Since we are a community with niché pleasures, I wonder what you guys do other than linux.

I read all John Scalzi's books, especially that series start with Old man's war. It's 4 books in total, its sci-fi book about space. A human union is colonising planets and fighting with aliens etc. It's really cool. Best book series ever.

I am desperately in search for such books, all the advice I get is Harry Potter... Cmon now. So what do you read my dudes and gals?

Re: What books are you reading nowadays or want to read?

Reply #1
I recently finished Charles Dickens Great Expectations. That was a pretty nice book. I plan to start reading Eighty-Six, but I'm currently waiting on shipping (don't know why it's taking so long).

Re: What books are you reading nowadays or want to read?

Reply #2
Recently read The Go Programming Language from cover to cover like a totally normal person. Honestly, Kernighan is such a great technology author. Other than that, I recently read Catch-22 by Joseph Heller and The Man in the High Castle by Phillip. K. Dick.

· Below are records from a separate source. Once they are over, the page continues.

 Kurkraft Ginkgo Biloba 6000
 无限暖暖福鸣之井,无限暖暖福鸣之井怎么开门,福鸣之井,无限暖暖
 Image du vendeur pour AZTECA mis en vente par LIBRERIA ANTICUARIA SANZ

If there is one kind of fiction I can really recommend people re-read at the moment, it is mid-century dystopias (Huxley, Orwell, Bezmenov et. al), mainly because it explains close to 90% of what is happening nowadays.

 

Re: What books are you reading nowadays or want to read?

Reply #3
I haven't read a book in probably over a decade, but I used to be able to sink into them pretty good.  These days I am mainly a movie junkie.

The above post by ethan_v2 made me create a forum account because I couldn't agree more.

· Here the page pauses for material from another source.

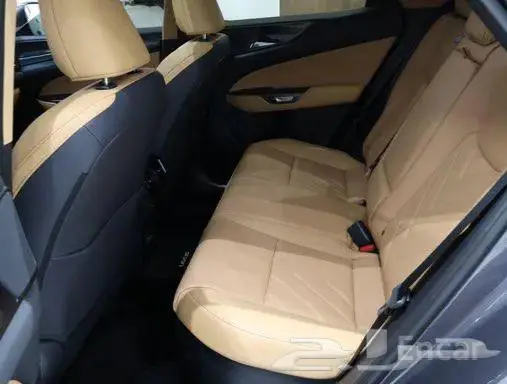 لكزس Nx350 موديل2025 14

Catch-22 was a great read, very memorable.  I will randomly think of it from time to time and chuckle to myself at the lunacy and brilliance of it all.  Nately's Whore was probably my favourite character.

In addition, Huxley's Brave New World is my favourite work of fiction that I've read, and I agree with the statement about understanding the times we are living in.

Some others I would recommend: Dostoevsky's Crime & Punishment to anyone looking for a thick but impressive work.  And on the topic of thickness, some truly great writing was done by Joseph Conrad.  I received a collection/anthology of his work from my sister after she finished an english course or something and didn't need the book anymore.  The first one I read was tough but by the end I was hooked and I read every single one in the thick-ass volume.  Nothing but great stuff - Lord Jim and Heart of Darkness come to mind but every single one was great and completely original in it's style of writing.

Lastly a couple books I might reread someday are two of Ayn Rand's massive works - Atlas Shrugged and The Fountainhead.  She gets a lot of hate but I don't understand it.  Great stuff.  Not immune to criticism but worthy of praise still I think.  Last year I started one of her earlier (and shorter) novels called "We the Living", but I set it down when things started getting heavy.  Some real marxist/communist slice of life stuff that was just tough to swallow which was perhaps cowardly of myself I dunno.  I may finish it at some point.